Los amos de la casa

 
 
 
  Los amos de la casa

 

Agazapado tras un poste la está esperando mientras se fuma un cigarro de marihuana y con la mano libre dentro de un bolsillo de la chaqueta, a que ella se aproxime lo más cerca posible. La observa sin quitarle los ojos a la maleta que trae terciada al hombro. La poca luz de la calle lo esconde de una patrulla motorizada de la policía que pasa rauda. De reojo, alcanza a conocer a uno de los policías, al que va conduciendo la moto. El polocho se hace llamar cabo Montero, y se dice ser muy rudo, pero es una panelita con queso rallado encima.

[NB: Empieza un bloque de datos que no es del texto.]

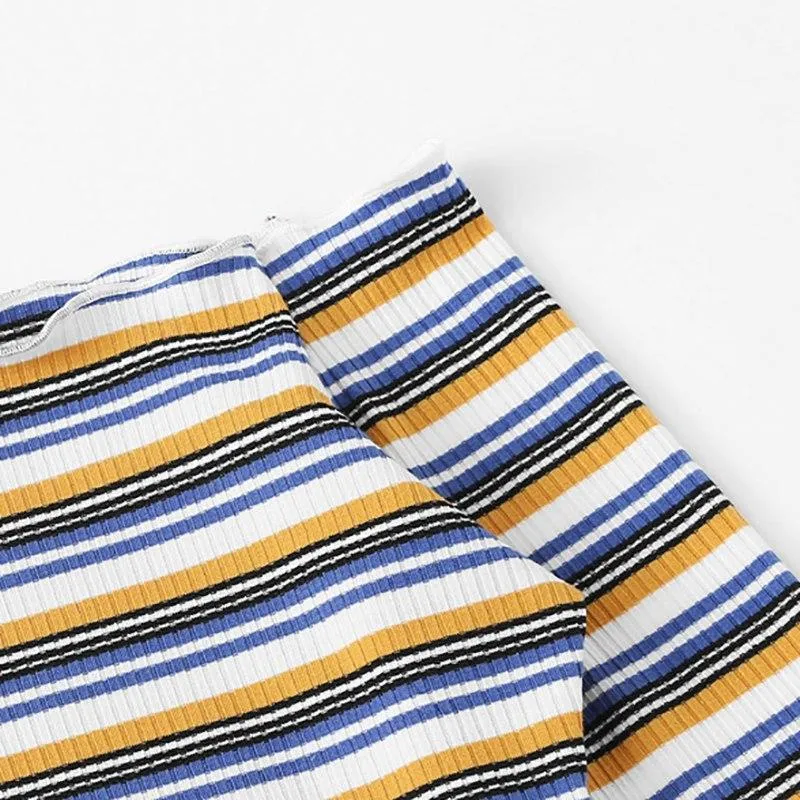 Striped Off Shoulder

No lo ha visto, no sabe que está ahí, a una cuadra. Camina confiada a pesar de la hora, son la una de la mañana y llueve a cantaros. La maleta la incómoda por el peso y la cambia de costado. Ve pasar a dos policías en una moto y piensa por un segundo en pedir su ayuda, pero recuerda que no le ha ido muy bien con los de verde. Un hombre que duerme al costado de un portón sobre unos cartones rezonga algo cuando pasa a su lado, alterando todavía más sus nervios ya de por sí al borde del colapso. El humo de un cigarrillo que sube envolviendo un poste la pone en alerta máxima.

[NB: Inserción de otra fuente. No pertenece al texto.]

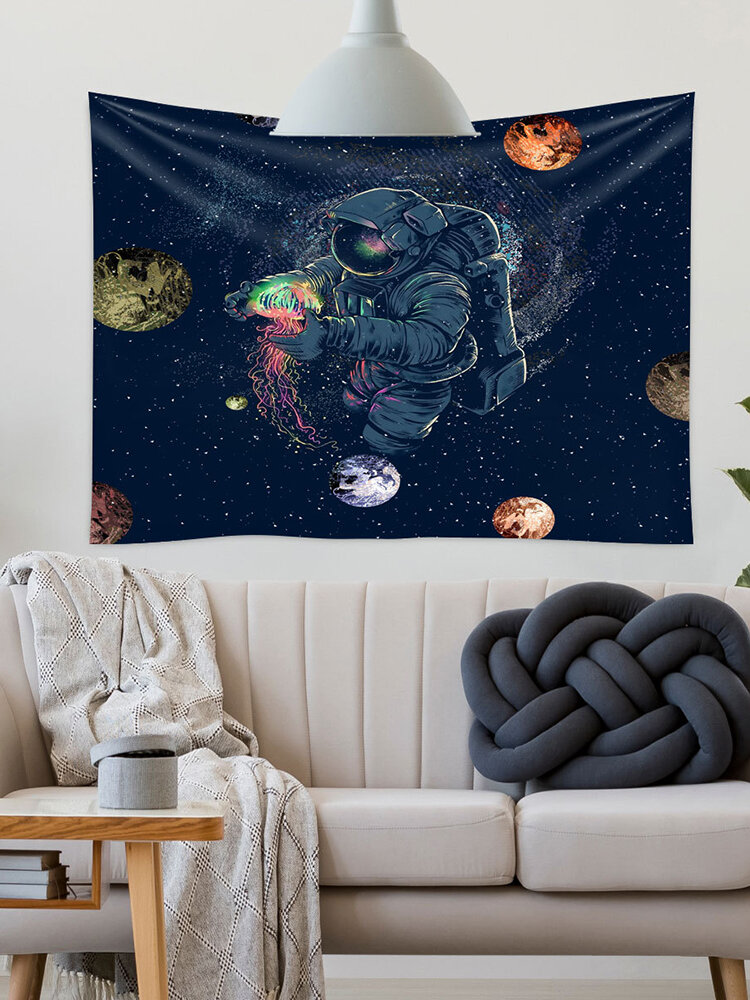 

NASA Astronaut Tapestries Fantasy Spaceman Wall Hanging Tapestry Galaxy Planet Wall Art For Bedroom Living Room Dorm Dec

—Hola, ¿por qué te has tardado tanto? ¿Cómo sigue Romeo? Te dije que nos están esperando y tu pensando en pajaritos —le dice a su mujer, al verla llegar a su lado.

Tomados de la mano, cruzan la calle y se paran frente a un local que tiene arriba de la puerta un letrero que dice: Veterinaria Los Amos de la Casa. De la maleta sale un maullido débil y es como si dijera: ¡Dense prisa, quieren!